Second, if you are confronting, know your audience. As it happens, I am not a confrontational person. I run away from confrontations, rabbit-hearted introvert that I am. Some people thrive on confrontation, but it appalls me. You have to realize that different people react differently to strong stimulus. Think of your kids, if you have some. Does one kid need stronger verbal queues to pay attention? Does one just curl up in agony with the first strong word or dark look? Something Robert and I are tackling in our marriage is our very different perception of anger. I say he’s angry; he says he’s not. I feel anger coming at me when he says he’s not radiating any at all. He says that’s not fair. I should not be able to decide he’s angry when he’s not. What is going on here! So know your confrontee. Is this a sensitive person who will wither with one word? How much do you really need to say to get your point across? Daniel was pretty brief. Because this is not about you venting, but about fixing something that’s broken.

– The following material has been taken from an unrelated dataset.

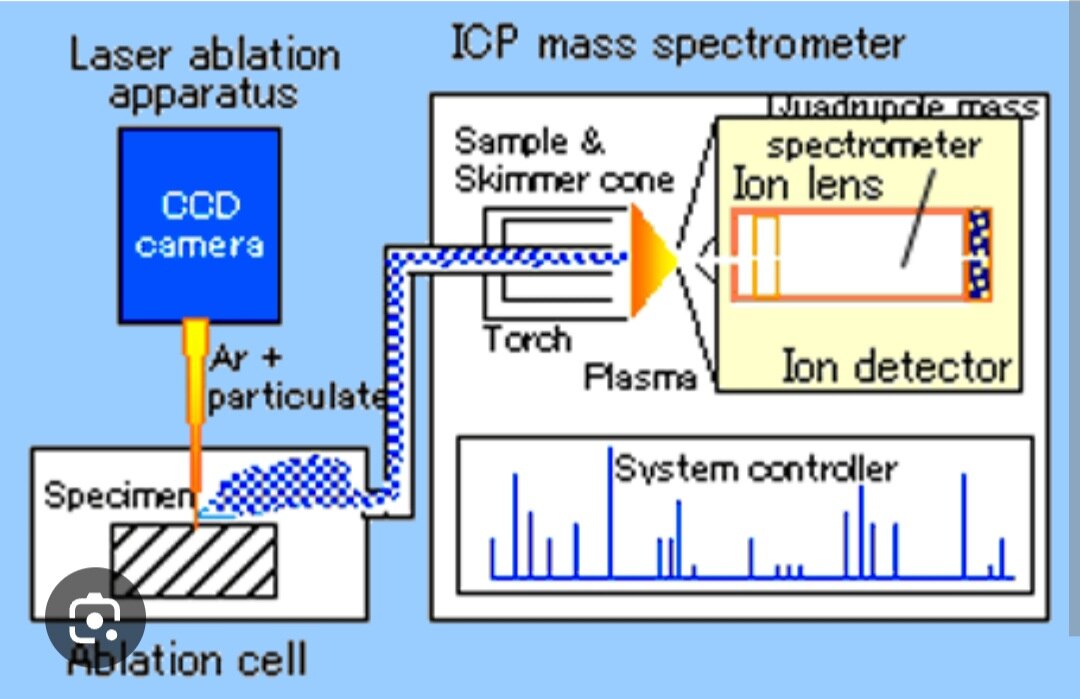 A84➡️Zinc By Icpms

Which brings me to what tends to break in confrontations: the relationship. I think that before confrontation happens, you have to make sure the other person knows you are on solid ground together. That person needs to know you are willing to tackle this thing together, no matter how painful, and move ahead.  And you can’t be carrying baggage from past, unsolved issues, blocking the airways, because then you are starting off without trust. (Interesting to see that after Daniel confronted the king, he got new robes and a promotion. In Mexico, this would be a sign that the Government was co-opting the prophet. But the book of Daniel makes it clear that this prophet was willing to face lions rather than compromise. The robes were a sign of respect.)

And you have to start by listening. We all carry such different backstories, always pegging other people’s actions according to how they fit in our own stories. Because our own stories are all we’ve got—until we listen. That is why Robert and I, in Mexico, insist and insist and insist that short term visitors come to listen first--to Mixtecs and Hispanics and Zapotecs--learning their back stories before speaking into their lives, before confronting them with a gospel message that might make little sense without a relationship to clothe it in. Isn’t that why we needed the Incarnation? Can you imagine how much listening needs to happen to bring together such diverse worlds? Even with people we think we know well, we make mistakes.  I’ve made big mistakes with my husband and my kids, and some of my biggest ones right in my classroom.  I have made assumptions about my kids that fit my own backstory—why they plagiarized, or why they balked at a project. And sometimes I blasted them first and listened last, and had to apologize. The unshared backstories are what kill relationships. If I had waited, given my anger time to fade, asked myself what I was telling myself about those kids, I would have done better. So wait, if that’s possible. Think. Daniel asked a lot of questions before he spoke out.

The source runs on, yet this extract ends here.